I count myself lucky to have had the opportunity to learn from several good teachers, special teachers, direct students of O'Sensei.
They taught me so much. About aikido, about the ideas of aikido, about learning aikido. And those weren't just words, those were concepts that could be tested on the tatami.
But what did we do? And now one of the really weird things enters the playing field. We never trained with uke resisting what was happening. To a lot of people this is a weird Idea, I know. But why is that a thing we never trained?
Now years later I think I have maybe half the answer to that.

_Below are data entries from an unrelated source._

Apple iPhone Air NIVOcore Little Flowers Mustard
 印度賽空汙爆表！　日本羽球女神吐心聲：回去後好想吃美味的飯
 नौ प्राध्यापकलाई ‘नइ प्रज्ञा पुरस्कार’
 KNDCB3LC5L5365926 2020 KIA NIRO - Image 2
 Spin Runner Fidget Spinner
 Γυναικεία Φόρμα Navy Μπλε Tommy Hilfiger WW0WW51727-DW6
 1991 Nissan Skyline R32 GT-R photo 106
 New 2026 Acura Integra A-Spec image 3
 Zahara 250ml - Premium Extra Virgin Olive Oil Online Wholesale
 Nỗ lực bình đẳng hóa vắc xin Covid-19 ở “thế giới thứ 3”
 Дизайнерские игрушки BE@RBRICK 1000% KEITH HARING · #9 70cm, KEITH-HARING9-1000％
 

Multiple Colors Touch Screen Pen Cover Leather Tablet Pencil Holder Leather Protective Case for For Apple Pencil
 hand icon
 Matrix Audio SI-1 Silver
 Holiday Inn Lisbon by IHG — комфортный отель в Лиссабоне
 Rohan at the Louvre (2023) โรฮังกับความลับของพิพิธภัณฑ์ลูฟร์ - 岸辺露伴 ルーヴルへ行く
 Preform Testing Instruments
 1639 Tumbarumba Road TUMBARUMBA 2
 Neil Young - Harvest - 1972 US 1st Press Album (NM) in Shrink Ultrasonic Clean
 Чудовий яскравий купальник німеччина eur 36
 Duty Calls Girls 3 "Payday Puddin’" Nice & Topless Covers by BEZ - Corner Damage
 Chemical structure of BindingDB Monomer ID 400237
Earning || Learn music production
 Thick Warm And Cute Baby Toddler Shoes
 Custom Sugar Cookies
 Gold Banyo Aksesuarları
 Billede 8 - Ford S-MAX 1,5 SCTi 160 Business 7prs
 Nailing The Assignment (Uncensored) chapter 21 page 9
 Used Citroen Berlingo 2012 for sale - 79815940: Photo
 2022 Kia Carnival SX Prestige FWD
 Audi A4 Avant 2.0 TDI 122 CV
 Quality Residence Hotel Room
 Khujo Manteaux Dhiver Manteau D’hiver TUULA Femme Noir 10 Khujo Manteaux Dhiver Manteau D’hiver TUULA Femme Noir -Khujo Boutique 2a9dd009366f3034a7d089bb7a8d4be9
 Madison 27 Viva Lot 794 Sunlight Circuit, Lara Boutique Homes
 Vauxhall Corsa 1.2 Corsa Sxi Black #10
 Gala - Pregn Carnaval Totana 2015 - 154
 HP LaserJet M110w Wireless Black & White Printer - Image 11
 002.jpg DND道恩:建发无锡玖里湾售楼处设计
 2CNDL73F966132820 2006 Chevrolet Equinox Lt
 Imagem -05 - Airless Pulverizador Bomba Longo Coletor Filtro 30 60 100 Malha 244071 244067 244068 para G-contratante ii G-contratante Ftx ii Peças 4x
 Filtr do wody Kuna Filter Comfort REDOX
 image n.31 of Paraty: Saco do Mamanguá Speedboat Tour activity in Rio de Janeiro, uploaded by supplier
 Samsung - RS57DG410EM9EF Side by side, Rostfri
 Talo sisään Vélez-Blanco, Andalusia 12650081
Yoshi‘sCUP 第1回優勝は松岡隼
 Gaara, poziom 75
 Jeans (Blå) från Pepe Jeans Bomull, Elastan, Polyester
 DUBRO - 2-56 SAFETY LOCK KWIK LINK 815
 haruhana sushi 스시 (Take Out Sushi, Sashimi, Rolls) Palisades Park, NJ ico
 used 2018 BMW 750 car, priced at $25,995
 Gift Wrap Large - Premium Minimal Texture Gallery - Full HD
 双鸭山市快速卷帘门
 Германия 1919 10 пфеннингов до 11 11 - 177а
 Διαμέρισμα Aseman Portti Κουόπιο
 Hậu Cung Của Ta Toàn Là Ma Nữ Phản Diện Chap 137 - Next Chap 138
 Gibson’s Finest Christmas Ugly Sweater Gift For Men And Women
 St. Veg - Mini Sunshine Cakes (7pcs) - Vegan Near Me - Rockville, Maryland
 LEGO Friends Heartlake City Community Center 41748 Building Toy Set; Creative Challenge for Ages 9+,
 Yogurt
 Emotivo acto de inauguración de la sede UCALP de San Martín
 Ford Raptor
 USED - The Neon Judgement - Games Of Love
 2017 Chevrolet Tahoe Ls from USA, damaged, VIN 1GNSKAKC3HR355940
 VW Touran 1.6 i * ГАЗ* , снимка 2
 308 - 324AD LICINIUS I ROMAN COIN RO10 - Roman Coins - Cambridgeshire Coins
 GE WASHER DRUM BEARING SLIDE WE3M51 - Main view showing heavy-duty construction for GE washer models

We never trained that because it is pointless. Uke doesn't have the choice to resist, it never is ukes job to resist. From the first start of intention uke is locked in what is happening. There is no resistance as resistance is futile. What should you resist? Your own movement? From the beginning uke is locked in what is happening, and (and here we enter the twilight zone of weird aikimagic, as some more down to earth, real, aikido people claim) so is nage. The movement is. It is not deflected or changed, it is accepted. Hence nage is absolutely free in what he is doing as absolute freedom comes from not having a choice. Nage is the observer of the movement.
I know this isn't real aikido, it is just make believe until someone truly attacks and lands on his head. Trust me, I have been there. Landing on your head is not something I would advise, but it is one hell of a wake-up call about what is real and what isn't.
And now no-one is left to tell me this. I should be telling people maybe, but I don't feel the urge to swim up against the stream. Does that make me a bad aikidoka?